» **Problem statement**
Where the data below contains pictures, omit them; output the rest word for word.

» **Information supplied**
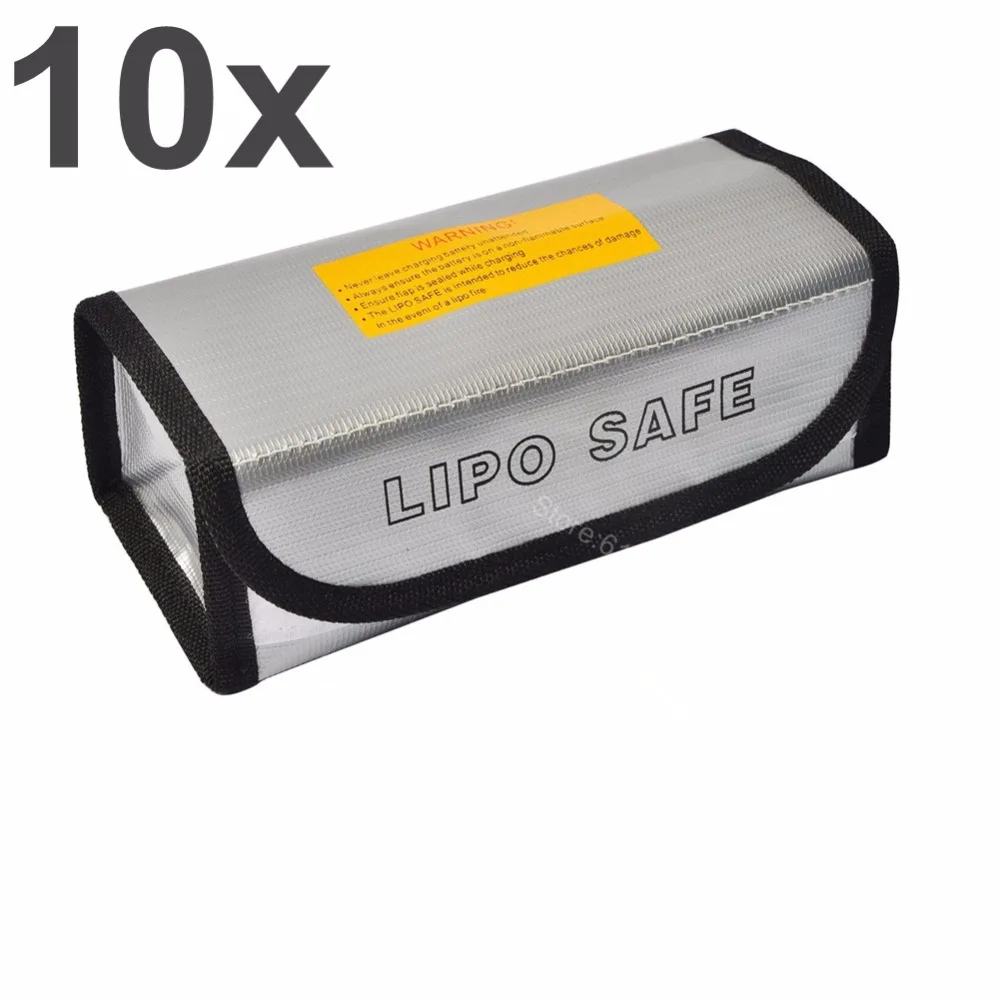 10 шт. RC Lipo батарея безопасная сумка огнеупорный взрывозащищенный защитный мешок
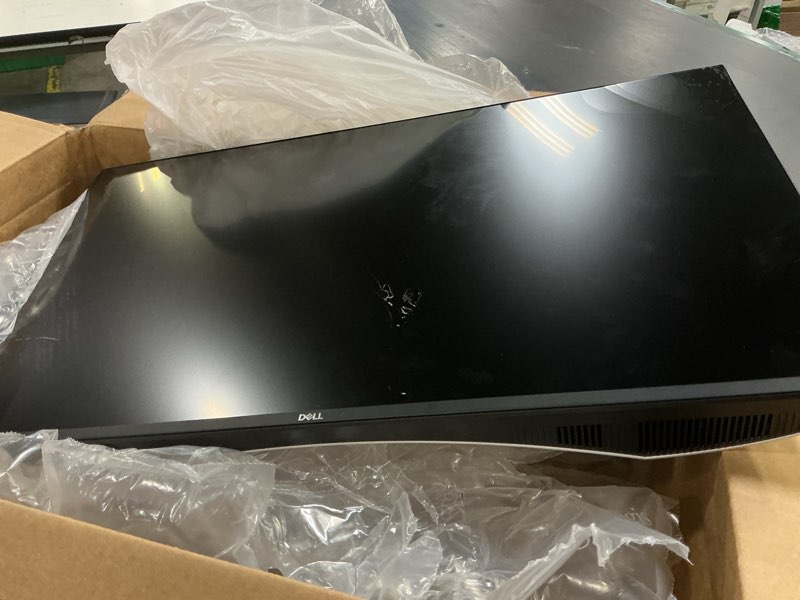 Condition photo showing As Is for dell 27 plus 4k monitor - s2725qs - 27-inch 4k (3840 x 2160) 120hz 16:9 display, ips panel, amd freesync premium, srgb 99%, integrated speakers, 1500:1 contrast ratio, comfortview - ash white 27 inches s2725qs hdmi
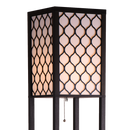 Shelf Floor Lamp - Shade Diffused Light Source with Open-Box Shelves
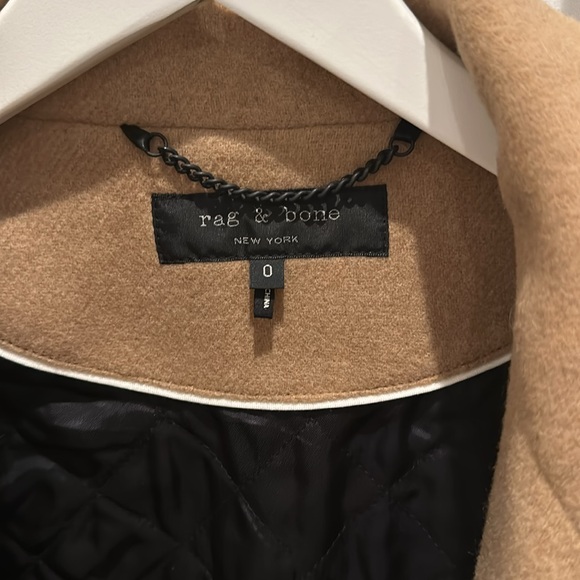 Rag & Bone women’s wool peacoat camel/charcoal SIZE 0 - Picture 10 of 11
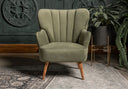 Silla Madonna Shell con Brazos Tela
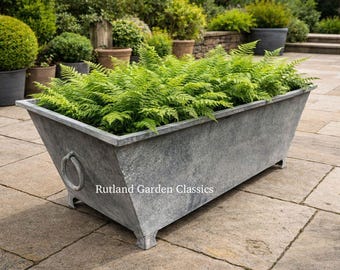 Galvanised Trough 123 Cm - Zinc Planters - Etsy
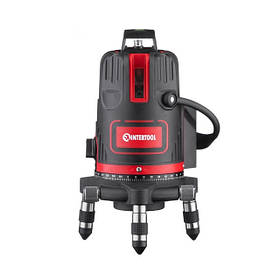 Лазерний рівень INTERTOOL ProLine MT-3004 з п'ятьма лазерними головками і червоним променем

» **Response to this task**
 10 шт. RC Lipo батарея безопасная сумка огнеупорный взрывозащищенный защитный мешок
 Condition photo showing As Is for dell 27 plus 4k monitor - s2725qs - 27-inch 4k (3840 x 2160) 120hz 16:9 display, ips panel, amd freesync premium, srgb 99%, integrated speakers, 1500:1 contrast ratio, comfortview - ash white 27 inches s2725qs hdmi
 Shelf Floor Lamp - Shade Diffused Light Source with Open-Box Shelves
 Rag & Bone women’s wool peacoat camel/charcoal SIZE 0 - Picture 10 of 11
 Silla Madonna Shell con Brazos Tela
 Galvanised Trough 123 Cm - Zinc Planters - Etsy
 Лазерний рівень INTERTOOL ProLine MT-3004 з п'ятьма лазерними головками і червоним променем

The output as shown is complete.